Murals in El Paso’s Lincoln Park depict pachucos alongside other figures from Chicano history.  Courtesy/Roberto José Andrade Franco

Members often pose for pictures in exchange for donations to whatever cause they’re there to support. They dance to music by the likes of Cab Calloway, Tommy Dorsey, Pérez Prado and Glenn Miller. “You can’t go wrong with oldies,” says Victor. When they dance, people gather around to watch the impressive sight. The tacuche’s bright colors and patterns make kicks and dips stand out, and the chain hanging from a pachuco’s waist glints while he moves.

I couldn’t help noticing that most members of the El Paso group were in their 40s or older. They speak often of passing the tradition on to their kids, many of whom tag along to events, but will it stick? Matthew San Roman, 27, is a sort of freelance pachuco, unaffiliated with the 915 group, who says he rarely meets other young pachucos. A Chicano studies major at the University of Texas at El Paso, he wears his tacuche most days. When classmates ask questions, San Roman sees an opportunity to start a conversation on Mexican-American history. “I get all kinds of reactions,” he says. “I really want them to know [about pachucos] because it’s part of them too.”

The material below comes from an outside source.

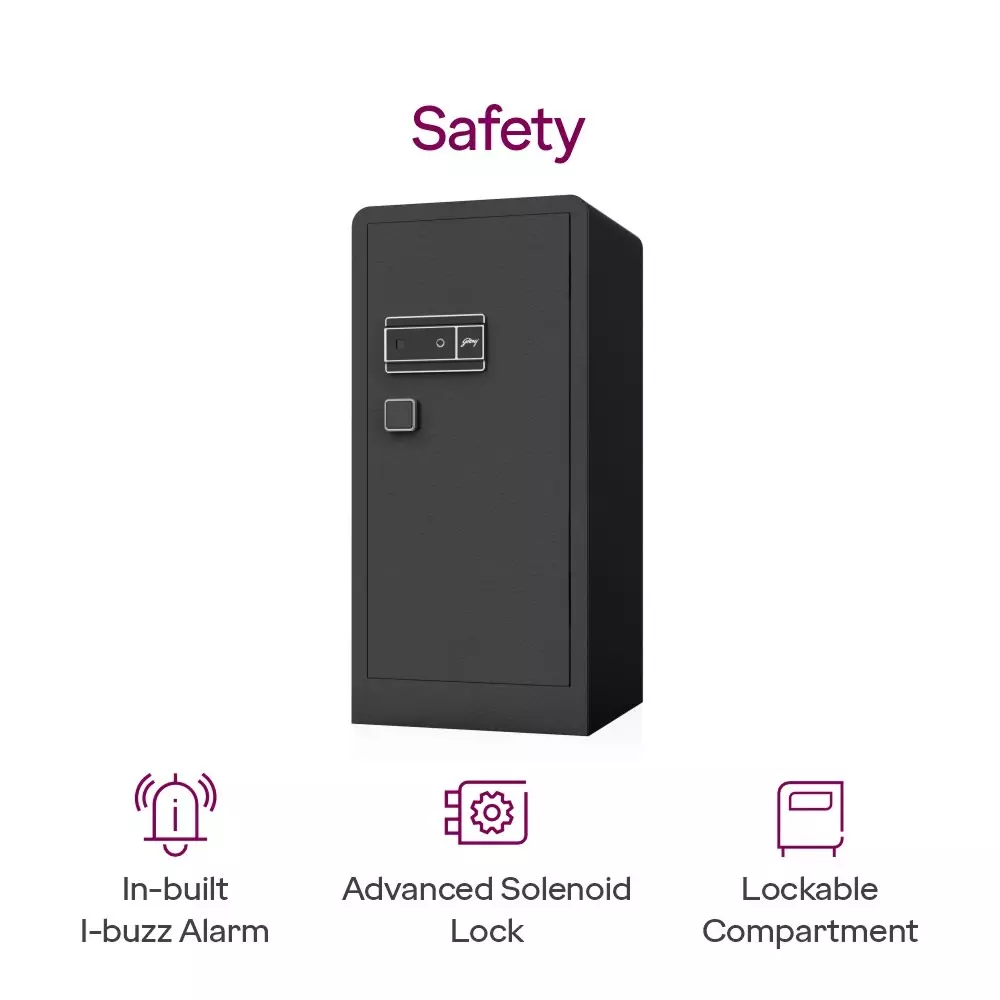 Godrej Home Locker NX Advanced 560 L Ebony Key + Digital + Biometric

Jesus Pérez and Haydee Salazar of Ciudad Juárez, Mexico, show off their moves at the Chicanos of Soul event at the Rathskeller Bar in San Antonio.  Josephine Norris

One hopeful sign: Back at the monthly meeting, conversation turns to an upcoming trip to San Antonio, where the El Paso pachucos are helping to start a new chapter. All 13 members will make the eight-hour drive to meet like-minded folks in “San Anto,” as they call it. They’ll sell enchilada plates and T-shirts to pay for a rental van, and then they’ll gather at a bar. Yvonne tells everyone to bring their two best tacuches. “Los mero mero, mas chingón,” she says — roughly translated to “the most badass.” They all laugh but know exactly what she means. Everyone here takes the symbolism of the tacuche seriously.

“My first suit, I bought it when I was 16,” Victor tells me. “I was so proud, man. I was wearing that thing to high school, I would only wear to las quinceañeras, las bodas. At that time, I was 16 so I couldn’t go to any bars or anything, so before that, I would only wear my pants, my suspenders, my tie, my little tandito, unas tablitas que me dio mi abuelito. But I loved it.”

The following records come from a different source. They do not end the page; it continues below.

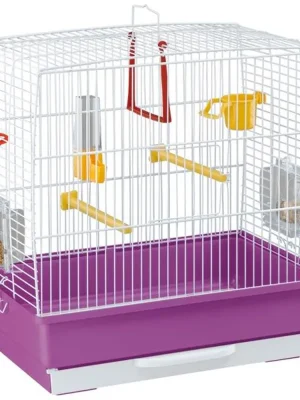 Tijdelijk Beschikbaar Klec pták s výbavou, mix barev Record 2 Ferplast 40 x 25 x 41 cm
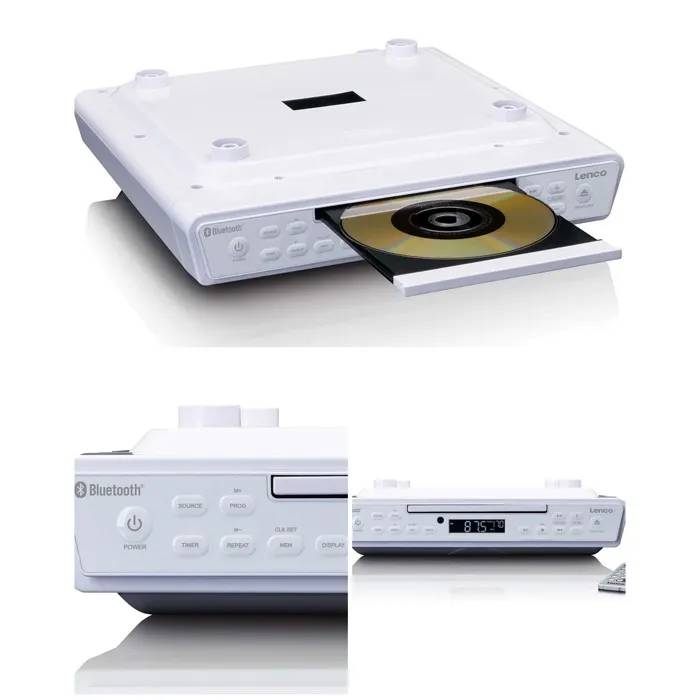 Lenco KCR-150 FM Radio Alarm Clock - Bluetooth, CD Player
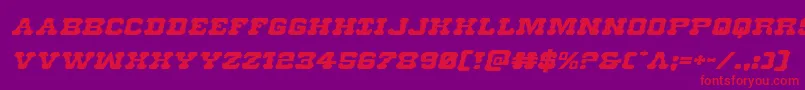 Usmarshalexpandital Font – Red Fonts on Purple Background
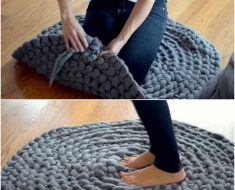 DIY Giant Crochet Rug Without Using A Crochet Hook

Pachucos tend to remember the first time they wore a tacuche. “I’ve been dressing like this since I was 13,” says Frankie, now 53. “In 1982 and 1983, guys from California would come in and compete for the zoot suit contest. Those two years, I got first place. They couldn’t beat me and they would get all mad … because they thought the pachucos were from over there.”

Frankie Herrera at age 14.  Courtesy/Frankie Herrera

But pachucos come from El Paso. The city’s semi-official nickname, after all, is El Chuco. According to lore, when someone asked traveling Mexican laborers their destination, they’d respond, “P’al Chuco.” To El Chuco. This westernmost edge of Texas that’s much more like Juárez than it is like Austin. Where a wall clearly marks the political borders but the cultural ones continue influencing each other.

Near the end of the meeting, members recap everything they’ve discussed. Someone quietly translates for the members from Juárez — la familia Pérez, as they’re referred to — who cross the border to attend meetings and any planned events.

José ya no va poder brincar” — José will no longer be able to cross — Francisco, the father of la familia Pérez, says of his young son. His visa will expire around the same time as the San Antonio event. Its renewal is already in process but “con todo lo que está pasando,” it could take months. Members offer their help in any way they can. “We look out for each other,” says Yvonne. “Gracias,” Francisco answers.

For now, the group’s focus is on founding more chapters. Asked if these will expand beyond the Southwest, Yvonne nods. “That’s our goal, to extend as far as we can nationwide, and keep going,” she says. “It’s something we love to do, it’s in our roots and hopefully our younger generation … they will carry on the legacy of the pachuco.”